Smart's Fortwo has always stood out in the city car market, even after Toyota launched the similarly pocket-sized iQ in 2009.

Where some city cars fade into the background, the Fortwo's upright stance, two-seat cockpit, rear-mounted engine and 'Tridion' safety cell couldn't be anything else.

Breaking the norm to such a degree will always have its detractors. But whether in madcap BRABUS cabrio form or as an eco-conscious electric car, our previous drives of the Fortwo have revealed it to be flawed, but ultimately charming.

Until we drove the Fortwo in 71-horsepower, MHD 'Micro Hybrid Drive' spec, that is.

Smart Fortwo Passion Badge

Refreshed last year, it's still little different from the Fortwo that arrived in 2007. The badge has migrated to the front grille, the front and rear bumpers are different and the interior has seen subtle design and quality improvements, but largely it remains unchanged.

To its credit, neither exterior nor cabin have really aged. The inside is still easily big enough for its two passengers, made pleasantly airy by the glass roof on our Passion-spec test car. Even the boot is reasonably-sized for such a small car - what it loses out to the Toyota iQ on seats, it more than makes up for in luggage space.

Smart Fortwo Mhd Boot

Start to drive it though, and its talents dissipate. The Fortwo's automated manual gearbox has always been fairly bad, but without turbo-assisted performance the languid shifts seem to take twice as long. There's not enough torque to avoid changing gear as you might in the turbocharged cars, and not enough performance to make up for the length of time each gear takes to change.

Left in automatic, rather than changing yourself, it's even worse. With no acceleration to enjoy you're then left to mull over the dead steering, poor refinement and ride quality akin to bumping down a staircase on your arse.

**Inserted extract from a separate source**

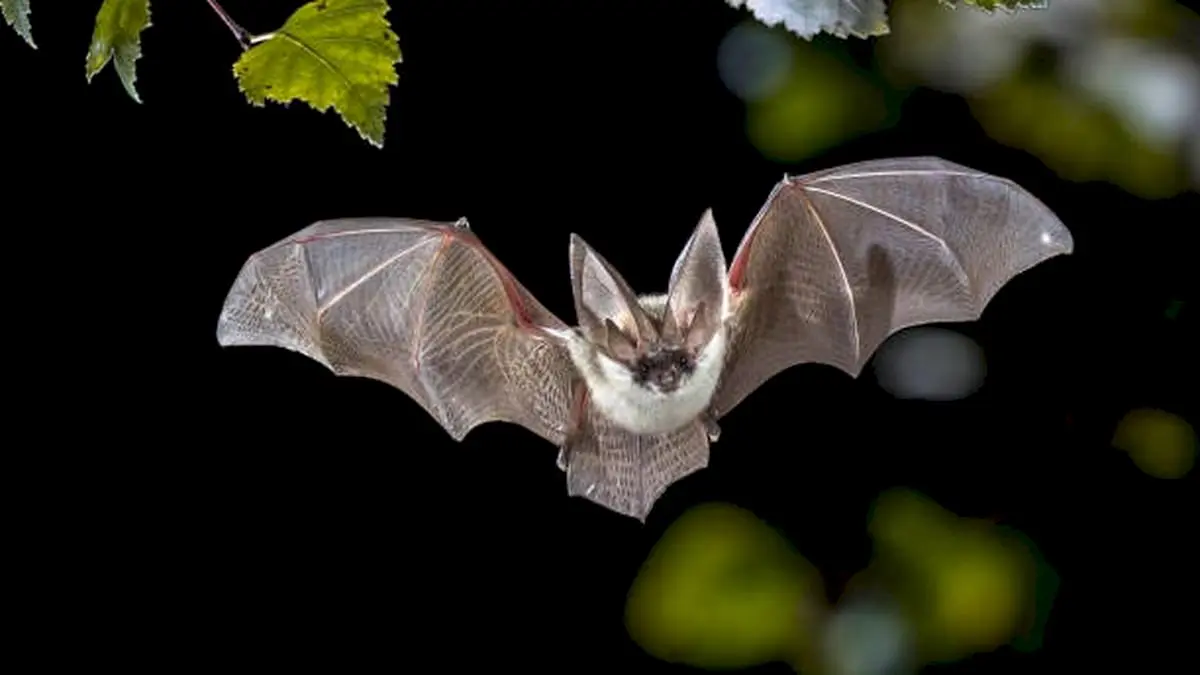 Bats have two copies of antibody genes, study finds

At least indicated economy was good. Despite a healthy thrashing, the computer showed 57 mpg at the end of our drive. There's zero road tax, too.

Price as tested: £11,220
Combined MPG: 65.7
CO2: 98 g/km

Smart Fortwo Mhd Interior

Conclusion

Don't get us wrong here: The Smart Fortwo Electric Drive is still the best car the company makes, and the BRABUS is fantastic fun despite its ludicrous expense. But without the tinsel of high-tech drivetrains or go-faster tinsel, the Fortwo can only be judged on its merits - and those merits are getting harder to find. The next-generation Fortwo can't come soon enough.